I don't think we can settle down with any instance that provides less
than (2G RAM, obviously), but ideally, we need 3G+. 2-core CPU is good
enough.
* Disk space: 17G for system and 8G for _pgsqldb_ directory
If needed, we are able to clean-up the database directory of old dumps
and backups and get down to around 4G disk space.
=== Backend
* RAM: 5G (out of 16G)
* CPU: 8 cores (3400MHz) with load 4.09, 4.55, 4.24
Backend takes care of spinning-up builders and running ansible playbooks
on them, running _createrepo_c_ (on big repositories) and so
on. Copr utilizes two queues, one for builds, which are delegated to
OpenStack builders, and action queue. Actions, however, are processed
directly by the backend, so it can spike our load up. We would ideally
like to have the same computing power that we have now. Maybe we can go
lower than 16G RAM, possibly down to 12G RAM.
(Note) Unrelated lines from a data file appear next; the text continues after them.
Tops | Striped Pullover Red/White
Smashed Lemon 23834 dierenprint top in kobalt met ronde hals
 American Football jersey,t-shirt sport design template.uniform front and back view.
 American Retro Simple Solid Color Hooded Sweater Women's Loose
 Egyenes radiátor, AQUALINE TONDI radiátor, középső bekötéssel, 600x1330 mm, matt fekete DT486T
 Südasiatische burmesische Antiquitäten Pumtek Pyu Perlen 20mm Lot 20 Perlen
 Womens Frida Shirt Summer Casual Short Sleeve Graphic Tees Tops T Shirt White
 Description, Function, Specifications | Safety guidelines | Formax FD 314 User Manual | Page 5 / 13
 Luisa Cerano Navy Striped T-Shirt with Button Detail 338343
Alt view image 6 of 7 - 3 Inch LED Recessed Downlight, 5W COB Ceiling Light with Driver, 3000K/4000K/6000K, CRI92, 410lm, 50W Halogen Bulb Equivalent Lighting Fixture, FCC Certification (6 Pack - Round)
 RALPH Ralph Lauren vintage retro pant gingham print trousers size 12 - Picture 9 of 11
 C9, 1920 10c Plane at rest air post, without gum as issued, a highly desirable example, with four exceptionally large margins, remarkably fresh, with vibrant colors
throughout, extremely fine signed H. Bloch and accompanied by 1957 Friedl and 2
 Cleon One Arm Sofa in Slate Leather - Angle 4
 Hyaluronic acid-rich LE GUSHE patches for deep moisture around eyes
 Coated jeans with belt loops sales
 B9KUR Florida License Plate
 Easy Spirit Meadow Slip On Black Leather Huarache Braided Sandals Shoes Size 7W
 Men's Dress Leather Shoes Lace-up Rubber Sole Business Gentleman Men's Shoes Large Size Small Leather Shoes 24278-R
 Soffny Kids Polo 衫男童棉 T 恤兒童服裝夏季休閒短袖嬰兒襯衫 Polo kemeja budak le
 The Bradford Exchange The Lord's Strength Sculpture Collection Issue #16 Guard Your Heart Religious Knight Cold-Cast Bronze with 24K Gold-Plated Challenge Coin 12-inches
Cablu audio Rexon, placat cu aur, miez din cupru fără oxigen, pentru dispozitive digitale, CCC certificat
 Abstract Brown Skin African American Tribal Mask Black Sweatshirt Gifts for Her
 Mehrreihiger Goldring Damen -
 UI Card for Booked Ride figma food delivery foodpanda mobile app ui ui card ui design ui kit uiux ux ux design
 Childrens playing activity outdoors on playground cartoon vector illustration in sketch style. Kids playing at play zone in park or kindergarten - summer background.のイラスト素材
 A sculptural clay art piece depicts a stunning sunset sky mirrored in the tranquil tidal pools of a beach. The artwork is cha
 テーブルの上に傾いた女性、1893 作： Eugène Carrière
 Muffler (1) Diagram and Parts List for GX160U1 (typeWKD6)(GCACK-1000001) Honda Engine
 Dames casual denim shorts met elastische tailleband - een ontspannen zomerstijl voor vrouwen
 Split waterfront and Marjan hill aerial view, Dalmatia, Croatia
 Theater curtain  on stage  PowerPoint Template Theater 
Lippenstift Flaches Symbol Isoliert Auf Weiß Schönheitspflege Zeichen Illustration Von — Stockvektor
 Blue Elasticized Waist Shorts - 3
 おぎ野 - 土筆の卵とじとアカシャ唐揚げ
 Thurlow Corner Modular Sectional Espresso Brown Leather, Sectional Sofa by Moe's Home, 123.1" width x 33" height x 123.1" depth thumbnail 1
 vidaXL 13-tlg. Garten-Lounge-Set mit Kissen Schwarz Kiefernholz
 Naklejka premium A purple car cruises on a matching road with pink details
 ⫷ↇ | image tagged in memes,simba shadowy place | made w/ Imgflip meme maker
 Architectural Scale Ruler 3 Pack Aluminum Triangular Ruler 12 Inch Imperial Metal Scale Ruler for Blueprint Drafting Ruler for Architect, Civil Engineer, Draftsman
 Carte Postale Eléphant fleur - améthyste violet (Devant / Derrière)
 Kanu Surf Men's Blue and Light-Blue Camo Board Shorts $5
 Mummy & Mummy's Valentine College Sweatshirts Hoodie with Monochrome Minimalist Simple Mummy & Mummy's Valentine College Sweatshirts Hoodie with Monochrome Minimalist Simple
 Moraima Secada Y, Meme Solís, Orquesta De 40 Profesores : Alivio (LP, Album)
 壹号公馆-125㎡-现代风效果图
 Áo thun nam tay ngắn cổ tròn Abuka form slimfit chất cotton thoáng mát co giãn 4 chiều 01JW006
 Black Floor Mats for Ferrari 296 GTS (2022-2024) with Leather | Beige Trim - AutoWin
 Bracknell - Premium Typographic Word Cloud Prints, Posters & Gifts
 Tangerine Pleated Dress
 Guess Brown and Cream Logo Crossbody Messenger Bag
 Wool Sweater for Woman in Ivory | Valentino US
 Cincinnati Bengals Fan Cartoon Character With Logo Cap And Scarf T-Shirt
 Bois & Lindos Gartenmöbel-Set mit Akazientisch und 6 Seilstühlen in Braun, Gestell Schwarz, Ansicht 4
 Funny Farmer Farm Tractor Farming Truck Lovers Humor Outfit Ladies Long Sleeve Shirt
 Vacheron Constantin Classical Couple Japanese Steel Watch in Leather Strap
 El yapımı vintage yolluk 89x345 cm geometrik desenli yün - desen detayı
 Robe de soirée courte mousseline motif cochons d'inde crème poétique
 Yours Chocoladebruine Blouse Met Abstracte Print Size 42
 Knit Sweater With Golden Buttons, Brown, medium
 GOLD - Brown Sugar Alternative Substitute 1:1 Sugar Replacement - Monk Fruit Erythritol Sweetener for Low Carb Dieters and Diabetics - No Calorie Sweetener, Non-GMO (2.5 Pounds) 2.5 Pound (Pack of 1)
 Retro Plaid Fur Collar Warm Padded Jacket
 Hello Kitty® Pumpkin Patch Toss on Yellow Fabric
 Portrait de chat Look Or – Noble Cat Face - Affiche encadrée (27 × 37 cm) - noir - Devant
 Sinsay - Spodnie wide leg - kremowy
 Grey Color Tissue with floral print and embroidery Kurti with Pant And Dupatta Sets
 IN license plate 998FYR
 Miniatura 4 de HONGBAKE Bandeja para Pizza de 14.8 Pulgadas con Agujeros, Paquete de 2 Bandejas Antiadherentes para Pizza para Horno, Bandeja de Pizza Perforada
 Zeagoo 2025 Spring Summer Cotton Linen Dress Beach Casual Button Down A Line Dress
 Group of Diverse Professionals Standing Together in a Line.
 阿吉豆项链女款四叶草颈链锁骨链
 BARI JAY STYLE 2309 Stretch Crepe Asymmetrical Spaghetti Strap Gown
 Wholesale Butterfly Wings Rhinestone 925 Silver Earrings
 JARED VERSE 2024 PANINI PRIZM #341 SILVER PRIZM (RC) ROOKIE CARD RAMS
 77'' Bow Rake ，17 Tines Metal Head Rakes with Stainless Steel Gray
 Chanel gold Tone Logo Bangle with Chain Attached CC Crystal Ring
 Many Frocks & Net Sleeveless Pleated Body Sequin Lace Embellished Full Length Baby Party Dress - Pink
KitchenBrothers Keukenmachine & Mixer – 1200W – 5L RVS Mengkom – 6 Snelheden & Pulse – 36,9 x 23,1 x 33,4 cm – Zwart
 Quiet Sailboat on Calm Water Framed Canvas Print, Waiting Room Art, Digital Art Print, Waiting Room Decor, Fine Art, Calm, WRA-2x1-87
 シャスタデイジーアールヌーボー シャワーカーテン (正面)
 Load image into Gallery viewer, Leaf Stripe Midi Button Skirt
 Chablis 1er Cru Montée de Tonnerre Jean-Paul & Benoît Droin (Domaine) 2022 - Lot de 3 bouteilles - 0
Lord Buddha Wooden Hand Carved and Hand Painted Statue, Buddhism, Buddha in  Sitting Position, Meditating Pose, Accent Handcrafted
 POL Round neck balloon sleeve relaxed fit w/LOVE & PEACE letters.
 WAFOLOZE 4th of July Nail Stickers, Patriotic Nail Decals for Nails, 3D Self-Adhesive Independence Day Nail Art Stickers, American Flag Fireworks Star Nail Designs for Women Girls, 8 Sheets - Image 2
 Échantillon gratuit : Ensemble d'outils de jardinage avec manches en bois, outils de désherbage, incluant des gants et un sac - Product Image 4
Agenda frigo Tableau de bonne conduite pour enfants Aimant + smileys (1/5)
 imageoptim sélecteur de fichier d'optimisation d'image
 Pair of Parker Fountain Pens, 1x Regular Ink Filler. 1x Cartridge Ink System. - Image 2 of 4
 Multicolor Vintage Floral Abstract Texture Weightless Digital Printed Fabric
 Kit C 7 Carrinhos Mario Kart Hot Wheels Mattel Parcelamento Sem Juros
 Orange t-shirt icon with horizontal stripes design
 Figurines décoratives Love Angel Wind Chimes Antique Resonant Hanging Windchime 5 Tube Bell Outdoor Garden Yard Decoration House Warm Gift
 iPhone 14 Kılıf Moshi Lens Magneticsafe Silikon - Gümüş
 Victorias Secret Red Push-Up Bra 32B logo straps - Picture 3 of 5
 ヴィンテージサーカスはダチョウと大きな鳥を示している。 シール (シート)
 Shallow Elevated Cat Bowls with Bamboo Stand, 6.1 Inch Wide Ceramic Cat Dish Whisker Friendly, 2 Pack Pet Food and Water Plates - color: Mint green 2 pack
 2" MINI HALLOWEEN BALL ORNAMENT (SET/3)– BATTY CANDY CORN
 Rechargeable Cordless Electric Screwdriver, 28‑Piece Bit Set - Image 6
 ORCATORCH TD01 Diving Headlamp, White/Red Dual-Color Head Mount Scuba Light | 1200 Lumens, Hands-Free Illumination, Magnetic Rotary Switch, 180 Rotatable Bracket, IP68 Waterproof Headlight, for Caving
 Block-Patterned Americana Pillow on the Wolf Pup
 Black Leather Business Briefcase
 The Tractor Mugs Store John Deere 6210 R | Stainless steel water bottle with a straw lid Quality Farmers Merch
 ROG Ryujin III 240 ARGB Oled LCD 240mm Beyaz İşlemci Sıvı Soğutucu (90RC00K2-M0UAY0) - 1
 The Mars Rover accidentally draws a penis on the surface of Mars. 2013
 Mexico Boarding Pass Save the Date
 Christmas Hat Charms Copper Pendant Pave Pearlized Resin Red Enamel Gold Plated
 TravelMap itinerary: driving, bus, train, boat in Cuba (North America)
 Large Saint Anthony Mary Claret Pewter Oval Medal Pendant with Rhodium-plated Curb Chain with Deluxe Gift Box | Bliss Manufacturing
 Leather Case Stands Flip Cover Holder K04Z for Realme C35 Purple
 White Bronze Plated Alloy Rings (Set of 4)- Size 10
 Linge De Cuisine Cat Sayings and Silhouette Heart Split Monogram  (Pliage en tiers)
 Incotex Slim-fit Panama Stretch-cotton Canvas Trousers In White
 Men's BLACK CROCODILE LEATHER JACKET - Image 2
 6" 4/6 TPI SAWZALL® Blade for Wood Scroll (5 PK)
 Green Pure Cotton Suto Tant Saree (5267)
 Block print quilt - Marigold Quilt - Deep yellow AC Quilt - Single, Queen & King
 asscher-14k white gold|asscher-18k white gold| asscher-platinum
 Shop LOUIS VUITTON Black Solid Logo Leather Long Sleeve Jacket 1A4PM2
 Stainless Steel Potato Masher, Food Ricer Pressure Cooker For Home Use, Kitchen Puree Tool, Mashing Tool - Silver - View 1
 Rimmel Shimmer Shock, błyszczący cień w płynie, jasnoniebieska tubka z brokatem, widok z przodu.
* Disk space: 30G for the system, 5.6T (out of 6.8T) for build results
Currently, we have 1.3T of backup data, that is going to be deleted
soon, but nevertheless, we cannot go any lower on storage. Disk space is
a long-term issue for us and we need to do a lot of compromises and
settling down just to survive our daily increase (which is around 10G of
new data). Many features are blocked by not having enough storage. We
cannot go any lower and also we cannot go much longer with the current
storage.
=== Distgit
* RAM: ~270M (out of 4G), but climbs to ~1G when busy
* CPU: 2 cores (3400MHz) with load 1.35, 1.00, 0.53
Personally, I wouldn't downgrade the machine too much. Possibly we can
live with 3G ram, but I wouldn't go any lower.
* Disk space: 7G for system, 1.3T dist-git data
We currently employ a lot of aggressive cleaning strategies on our
distgit data, so we can't go any lower than what we have.
=== Keygen
* RAM: ~150M (out of 2G)
* CPU: 1 core (3400MHz) with load 0.10, 0.31, 0.25
We are basically running just _signd_ and
_httpd_ here, both with minimal resource requirements. The
memory usage is topped by _systemd-journald_.
* Disk space: 7G for system and ~500M (out of ~700M) for GPG keys
We are slowly pushing the GPG keys storage to its limit, so in the case
of migrating copr-keygen somewhere, we would like to scale-up it to at
least 1G.